In the world of data management, there's a critical yet often overlooked aspect that could render even the most modern data platforms obsolete: the ability to easily and quickly retire data use-cases, including the associated models and data. This might seem like a minor detail, but it's a fundamental aspect of effective product management and sustainability in data architecture.
The Essence of Product Management: Life-Cycle
Many data professionals often ask me about the definitions of data products and data-as-a-product. The simplest aspect of product management that resonates with data people is the product life-cycle. This encompasses the entire journey from idea to retirement:
- Idea
- Experiment
- Test (with business)
- Prototype
- Build
- Deploy
- Operate
- Retire
While stages like ideation, experimentation, and deployment get a lot of attention, retirement is frequently overlooked. This oversight can lead to significant issues down the line.
The Retirement Challenge
A common scenario in data platforms involves legacy data models and ETL jobs that persist long after their initial purpose has faded. Conversations about these often go like this:
- Q: "What is that column?"
- A: "Oh, that's left over from an old system. We're not sure if it's used."
- Q: "Why don't you delete it then?"
- A: "Are you mad? We've seen some 'SELECT *' queries using that table, and since we only manage the data, we don't know if it's still in use."
This situation is a classic example of what I call "use-case debt."
Understanding Data Platform Debt
Data platform debt comes in two flavors:
- Tech Debt: The well-known scenario where developers take shortcuts or leave out certain features due to time constraints imposed by the business.
- Use-Case Debt: The accumulation of outdated data structures, processes, and policies that remain because no one wants to risk breaking something potentially important.
While tech debt is widely acknowledged, use-case debt is a silent killer that can render a data platform unwieldy and eventually lead to its replacement.
The Discrete Data Product Approach
One effective way to address this problem is by adopting a discrete data product approach. Here, the "product" is the analytics or data logic that solves a specific business use-case, packaged with its corresponding data model and data. This approach isolates each use-case, making it easier to retire or update without affecting other components.
Shaun Ryan noted that this concept aligns with the original intention of agile: "Data models should get trimmed and finely refined in a good agile project." The problem is that many current agile practices in data management are insufficiently rigorous, leading to the accumulation of use-case debt.
Practical Implementation
Implementing this approach involves:
- Agile Practices: Regularly refining and trimming data models to keep them lean and relevant.
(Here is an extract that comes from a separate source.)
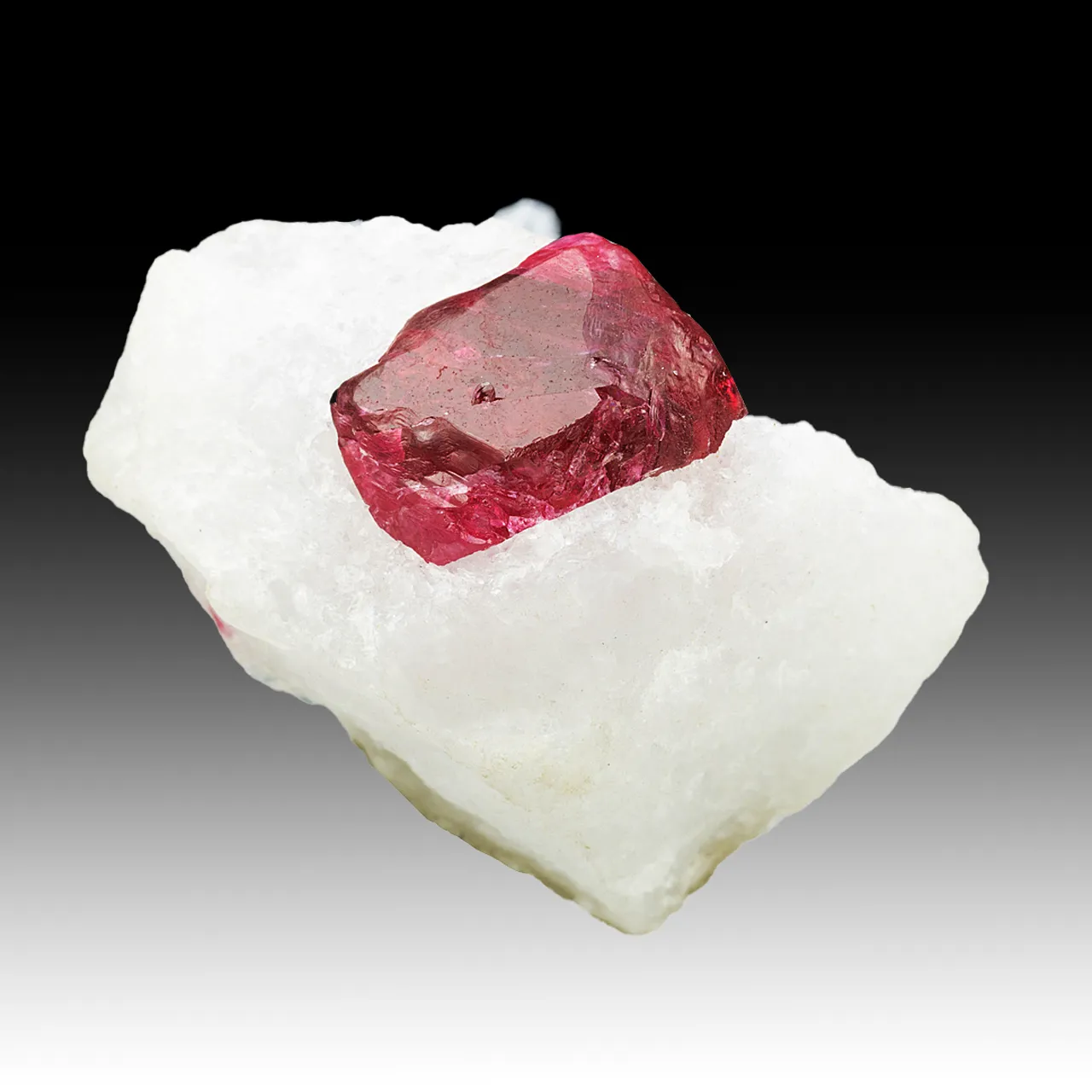 Spinel with Calcite - image 1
- Component Life-Cycle Management: Treating each data product as a separate entity with its own life-cycle, including retirement.
- Clear Documentation and Monitoring: Keeping detailed records of data use-cases and their dependencies to facilitate safe retirement.
Conclusion
Retiring data use-cases is not just a theoretical exercise; it's a practical necessity for maintaining a healthy and functional data platform. If your platform can't easily and quickly retire data use-cases, it may already be on its way to obsolescence. By adopting a discrete data product approach and focusing on the entire product life-cycle, including retirement, you can ensure that your data platform remains agile, efficient, and relevant.